С недавних пор он перестал читать ей письма от лорда Свонборо, а раньше такое случалось часто, хотя и не слишком регулярно. Не жаловался он ей больше и на растущее разочарование в политических союзниках и противниках.
Пег Райли вернулась в сумерках и застала свою госпожу запертой в спальне. Рассказ Розали о преследовании привел ее в ярость, и она решила спать этой ночью на диване в гостиной на случай, если мистер Бекман сдержит свое грозное обещание и возвратится.
– Первым делом вы должны завтра вызвать слесаря, мисс Роз. И когда этот мерзкий тип явится к вам тайком, словно вор, то поймет, что вы много умнее, чем он о вас думал!
Весна наступила рано, но в первую неделю апреля ее бурному приходу помешал холодный восточный ветер. Эта мрачная перемена погоды усугубила дурное настроение Розали. Правда, мистер Бекман пока не преследовал ее и не вламывался к ней в дом, но по-прежнему прогуливался в антрактах по дорожке для «щеголей». А сплетни за кулисами подтверждали его слова о герцоге Солуэй и принцессе Шарлотте Уэльской.
Слухи о помолвке в королевском семействе заняли место поднадоевших разговоров о министрах его величества и сделались излюбленной темой бесед как в артистических, так и в политических кругах.
Будущей наследнице было всего пятнадцать лет, и некоторых актеров шокировало ухаживание герцога. Арман Вестрис, давно вздыхавший по четырнадцатилетней Лючии Барталоцци, только что кончившей танцевальное училище, не мог понять их возмущения. Мнением Розали никто не интересовался, и это ее утешало. Она предпочитала держать его при себе.

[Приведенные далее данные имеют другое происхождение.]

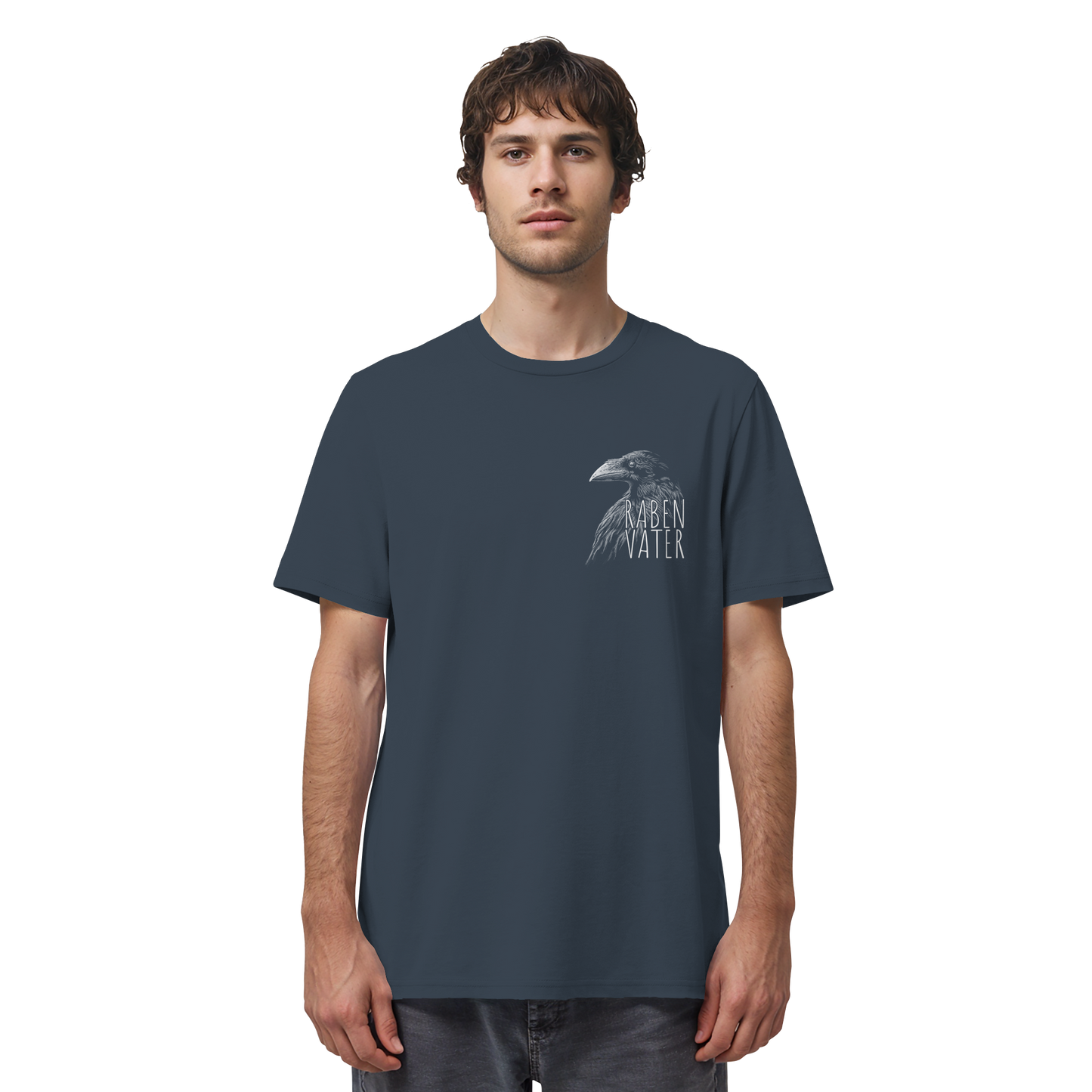 Rabenvater schwarzer Rabe Krähe - Organic Shirt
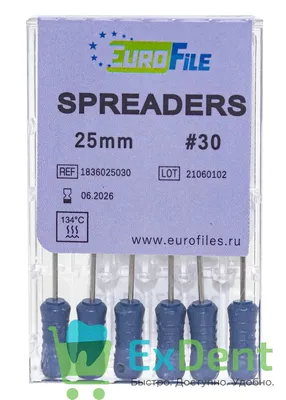 A 030 Spreader (Dentsply) Спредер, 4 шт ᐉ Купить Плагеры Dentsply™ по  низкой цене в Киеве, Украине ┃ DENTALPRODUCT.UA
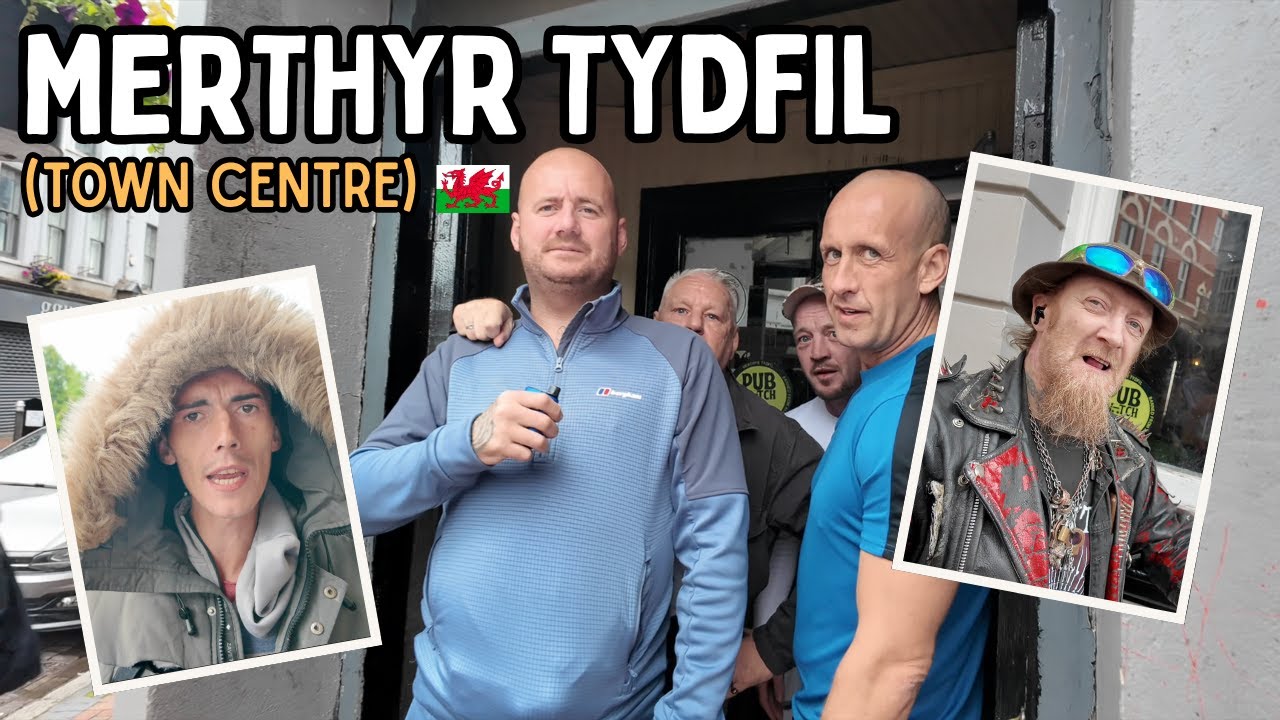 MERTHYR TYDFIL TOWN CENTRE: Wyndham to the Crown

Поскольку в Страстную пятницу и на Пасху спектакли были отменены, ей удалось полмесяца отдохнуть. Но она беспрестанно думала о Джервасе, его измене и тяжело страдала. Попытавшись хоть немного отвлечься, Розали написала письмо тетке в Глостершир, умоляла ее приехать и была разочарована, когда та ответила ей отказом. Матильда пояснила, что бремя обязательств не позволяет ей покинуть Бибери до лета.
На Пасху Розали отправилась в католическую церковь неподалеку от Голден-сквер, где присоединилась к толпе эмигрантов. Многих из них она совсем не знала, но встретила там и близких знакомых, вроде гедониста Армана. Священник читал и пел молитвы на латыни. Сильный запах ладана напоминал ей детские годы, когда посещение мессы считалось чем-то вызывающим. Во время службы она заметила мужчину в пудренном парике. Он повернул голову, взглянув на нее, и она поняла, что это Этьен Лемерсье.

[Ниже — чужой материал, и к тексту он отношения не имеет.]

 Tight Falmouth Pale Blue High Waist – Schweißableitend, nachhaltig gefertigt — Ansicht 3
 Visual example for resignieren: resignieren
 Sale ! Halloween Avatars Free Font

– Я столько слышала о вашем английском due, – сказала ей миссис Хьюз после окончания службы. – Pauvre petite, вы должны были поймать его в ловушку. Ведь у вас была такая возможность. Если он женится на la Princesse, ее суровая родня просто запретит ему бывать в опере!
Розали стало горько от этих слов, и она пришла в замешательство, когда Этьен Лемерсье предложил ей отобедать с ним сегодня вечером. Она вежливо отказалась и покачала головой, но он отнесся к ее отказу спокойно, словно ничего иного и не ожидал. И хоть она пожалела, что невольно причинила ему боль, но по-прежнему не чувствовала себя связанной с ним родственными узами.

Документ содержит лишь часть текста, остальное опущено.